● About this exercise
Transcribe only what runs from the line including "16332 Gulf Boulevard, Unit" through the last line of the entries, exactly as it appears.

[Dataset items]
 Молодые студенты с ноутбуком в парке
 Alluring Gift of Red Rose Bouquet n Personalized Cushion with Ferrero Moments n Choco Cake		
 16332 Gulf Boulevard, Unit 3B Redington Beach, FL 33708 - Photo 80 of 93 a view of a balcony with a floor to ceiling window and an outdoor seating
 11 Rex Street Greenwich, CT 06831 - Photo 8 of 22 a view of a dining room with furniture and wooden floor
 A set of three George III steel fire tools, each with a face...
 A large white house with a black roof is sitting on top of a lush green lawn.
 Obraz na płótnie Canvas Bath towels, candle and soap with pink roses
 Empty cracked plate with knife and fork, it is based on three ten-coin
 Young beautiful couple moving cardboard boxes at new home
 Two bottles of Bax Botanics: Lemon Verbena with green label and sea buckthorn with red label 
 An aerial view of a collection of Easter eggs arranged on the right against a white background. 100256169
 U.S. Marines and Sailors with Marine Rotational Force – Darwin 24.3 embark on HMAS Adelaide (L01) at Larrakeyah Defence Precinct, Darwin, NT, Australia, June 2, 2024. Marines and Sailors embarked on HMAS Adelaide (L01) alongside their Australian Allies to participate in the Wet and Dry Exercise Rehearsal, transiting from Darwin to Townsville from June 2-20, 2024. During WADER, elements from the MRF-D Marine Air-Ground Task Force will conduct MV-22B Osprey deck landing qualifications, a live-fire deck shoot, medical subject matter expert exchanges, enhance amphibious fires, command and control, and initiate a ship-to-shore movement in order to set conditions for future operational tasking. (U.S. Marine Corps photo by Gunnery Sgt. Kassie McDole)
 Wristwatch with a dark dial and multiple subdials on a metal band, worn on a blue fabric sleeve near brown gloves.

● Your response
 16332 Gulf Boulevard, Unit 3B Redington Beach, FL 33708 - Photo 80 of 93 a view of a balcony with a floor to ceiling window and an outdoor seating
 11 Rex Street Greenwich, CT 06831 - Photo 8 of 22 a view of a dining room with furniture and wooden floor
 A set of three George III steel fire tools, each with a face...
 A large white house with a black roof is sitting on top of a lush green lawn.
 Obraz na płótnie Canvas Bath towels, candle and soap with pink roses
 Empty cracked plate with knife and fork, it is based on three ten-coin
 Young beautiful couple moving cardboard boxes at new home
 Two bottles of Bax Botanics: Lemon Verbena with green label and sea buckthorn with red label 
 An aerial view of a collection of Easter eggs arranged on the right against a white background. 100256169
 U.S. Marines and Sailors with Marine Rotational Force – Darwin 24.3 embark on HMAS Adelaide (L01) at Larrakeyah Defence Precinct, Darwin, NT, Australia, June 2, 2024. Marines and Sailors embarked on HMAS Adelaide (L01) alongside their Australian Allies to participate in the Wet and Dry Exercise Rehearsal, transiting from Darwin to Townsville from June 2-20, 2024. During WADER, elements from the MRF-D Marine Air-Ground Task Force will conduct MV-22B Osprey deck landing qualifications, a live-fire deck shoot, medical subject matter expert exchanges, enhance amphibious fires, command and control, and initiate a ship-to-shore movement in order to set conditions for future operational tasking. (U.S. Marine Corps photo by Gunnery Sgt. Kassie McDole)
 Wristwatch with a dark dial and multiple subdials on a metal band, worn on a blue fabric sleeve near brown gloves.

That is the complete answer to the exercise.